------ EXTRACTED ENTRIES ------

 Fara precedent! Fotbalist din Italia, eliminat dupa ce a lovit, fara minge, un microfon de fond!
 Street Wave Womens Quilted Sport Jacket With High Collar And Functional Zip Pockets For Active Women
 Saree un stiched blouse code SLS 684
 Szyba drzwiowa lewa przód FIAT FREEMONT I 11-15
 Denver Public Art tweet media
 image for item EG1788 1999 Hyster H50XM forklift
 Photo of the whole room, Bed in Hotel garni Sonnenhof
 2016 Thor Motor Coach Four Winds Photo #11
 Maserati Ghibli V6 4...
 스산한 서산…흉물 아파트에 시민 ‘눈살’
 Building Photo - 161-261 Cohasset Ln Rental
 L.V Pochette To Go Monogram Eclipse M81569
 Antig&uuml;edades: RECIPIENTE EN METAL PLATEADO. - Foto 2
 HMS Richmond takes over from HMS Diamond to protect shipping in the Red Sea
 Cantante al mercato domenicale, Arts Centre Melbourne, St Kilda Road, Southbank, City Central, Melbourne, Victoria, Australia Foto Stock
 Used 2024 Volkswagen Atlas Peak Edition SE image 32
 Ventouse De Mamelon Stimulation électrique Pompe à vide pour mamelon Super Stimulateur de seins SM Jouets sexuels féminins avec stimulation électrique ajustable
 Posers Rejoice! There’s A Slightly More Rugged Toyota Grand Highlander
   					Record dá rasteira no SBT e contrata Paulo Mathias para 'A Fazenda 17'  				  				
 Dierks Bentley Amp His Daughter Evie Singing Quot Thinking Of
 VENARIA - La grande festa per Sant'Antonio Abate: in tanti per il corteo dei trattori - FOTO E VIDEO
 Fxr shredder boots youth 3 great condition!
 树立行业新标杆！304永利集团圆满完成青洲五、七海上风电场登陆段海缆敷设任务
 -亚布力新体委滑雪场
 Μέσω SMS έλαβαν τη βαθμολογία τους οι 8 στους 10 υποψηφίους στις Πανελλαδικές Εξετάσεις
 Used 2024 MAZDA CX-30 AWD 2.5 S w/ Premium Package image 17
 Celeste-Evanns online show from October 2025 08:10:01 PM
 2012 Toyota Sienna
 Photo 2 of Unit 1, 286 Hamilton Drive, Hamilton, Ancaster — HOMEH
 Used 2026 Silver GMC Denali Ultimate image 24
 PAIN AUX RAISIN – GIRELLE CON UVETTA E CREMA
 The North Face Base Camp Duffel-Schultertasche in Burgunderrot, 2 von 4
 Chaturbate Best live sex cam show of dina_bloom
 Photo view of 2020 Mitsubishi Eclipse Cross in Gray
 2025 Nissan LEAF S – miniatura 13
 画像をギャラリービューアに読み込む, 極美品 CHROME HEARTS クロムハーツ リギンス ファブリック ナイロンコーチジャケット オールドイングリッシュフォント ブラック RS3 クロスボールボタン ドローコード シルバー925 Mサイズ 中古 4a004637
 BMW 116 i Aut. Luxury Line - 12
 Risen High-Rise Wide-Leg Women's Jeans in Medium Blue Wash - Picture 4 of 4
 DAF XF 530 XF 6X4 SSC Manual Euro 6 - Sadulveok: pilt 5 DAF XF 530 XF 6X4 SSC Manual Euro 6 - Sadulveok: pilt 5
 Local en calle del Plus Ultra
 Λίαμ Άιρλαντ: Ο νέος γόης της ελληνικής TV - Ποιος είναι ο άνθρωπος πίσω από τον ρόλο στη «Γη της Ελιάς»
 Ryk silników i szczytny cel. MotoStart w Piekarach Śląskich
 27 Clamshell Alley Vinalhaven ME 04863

------

◆ THE TASK ◆
Up to and including the line that holds "HMS Richmond takes", reproduce the records above exactly from their first line, and give nothing else.

◆ WRITTEN RESPONSE ◆
 Fara precedent! Fotbalist din Italia, eliminat dupa ce a lovit, fara minge, un microfon de fond!
 Street Wave Womens Quilted Sport Jacket With High Collar And Functional Zip Pockets For Active Women
 Saree un stiched blouse code SLS 684
 Szyba drzwiowa lewa przód FIAT FREEMONT I 11-15
 Denver Public Art tweet media
 image for item EG1788 1999 Hyster H50XM forklift
 Photo of the whole room, Bed in Hotel garni Sonnenhof
 2016 Thor Motor Coach Four Winds Photo #11
 Maserati Ghibli V6 4...
 스산한 서산…흉물 아파트에 시민 ‘눈살’
 Building Photo - 161-261 Cohasset Ln Rental
 L.V Pochette To Go Monogram Eclipse M81569
 Antig&uuml;edades: RECIPIENTE EN METAL PLATEADO. - Foto 2
 HMS Richmond takes over from HMS Diamond to protect shipping in the Red Sea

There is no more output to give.